Drying Ground Beef
By Joseph Parish
As I was wandering around on the internet I chanced upon a website (/www.canadianpreppersnetwork.com) where the writer was explaining how to dehydrate ground beef. My wife and I had previously toyed with the idea in the past but this time we decided to actually try it out.
My wife buys her ground beef in five pound packages and she had just made a meal for the family the night before and did not use all the beef that she had available. This was an excellent opportunity to try this dehydrating experiment.
She first started by chopping up and browning the ground beef in a cast iron skillet. After breaking up the meat into small pieces she added several cups of water to the mixture and heated it over a medium heat. She continued to chop and mix the beef until it was completely cooked.
When she started seeing fat developing in the water she would move the meat into a colander and than run hot water over it. This process will clean off the extra grease which has separated from the meat.
Her next task was to again replace the meat into a cleaned skillet along with some fresh water and bring once again to a boil.

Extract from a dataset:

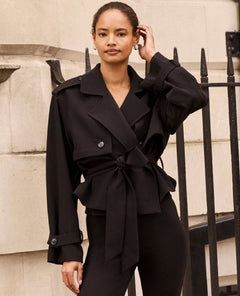 The Cropped Charles Trench Black - PINK ARROWS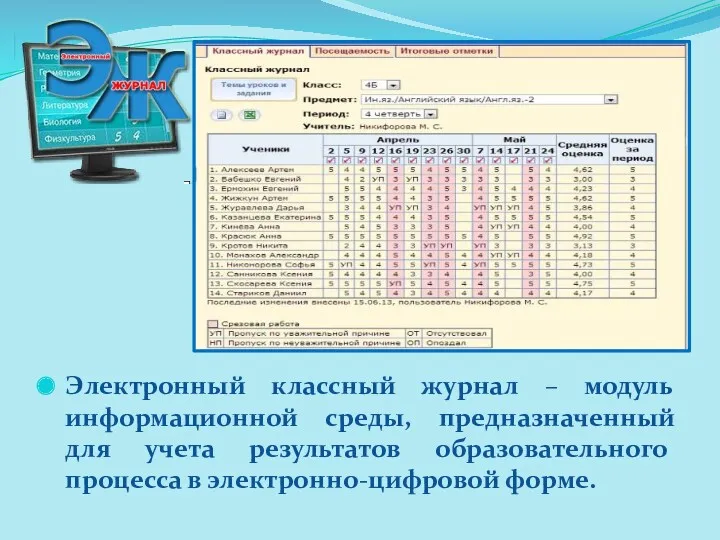 Электронный классный журнал – модуль информационной среды, предназначенный для учета результатов образовательного процесса в электронно-цифровой форме.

As she noticed some fat develop in the liquid and appear on the top of the water she knew that a second rinsing was in order. She drained this again as she had done previously with the colander and rinsed it under hot water.
She repeated this process three times until there was no longer any grease appearing. Since she generally purchases the better quality ground beef she has much less fat than would be expected. After the last boiling she allowed the beef to drain well in the colander until it was dry to the touch.
Although she could very well have used the dehydrator to dry the meat she decided to employ the oven for the process instead. She spread the drained beef onto a non stick cookie sheet and placed it into a 200 degree oven. Times will vary greatly from oven to oven and from one batch to the next but usually the drying time will be between 6 and 8 hours.
As the completion time approaches the beef should give a dried appearance similar to gravel but extremely hard. She next took the final dehydrated ground beef and placed it in a sterilized mason jar along with an oxygen absorber to remove all traces of air from within. Our estimate is that with the oxygen absorber in place the product should be good for several years if stored in a dark, cool location.
To rehydrate this product you will merely need to add water and wait a few minutes for it to absorb the liquid. You can speed up the process with heat if you plan to mix it with other foods.
My wife did not add any spices to the beef when she was dehydrating it but wanted a more universal product that could be used for a variety of beef dishes. The flavorings can be included when the ground beef is rehydrated. You now have a dehydrated ground beef product that should relieve some of the worry from losing electricity during emergency times. If you try this procedure let us know how it came out for you.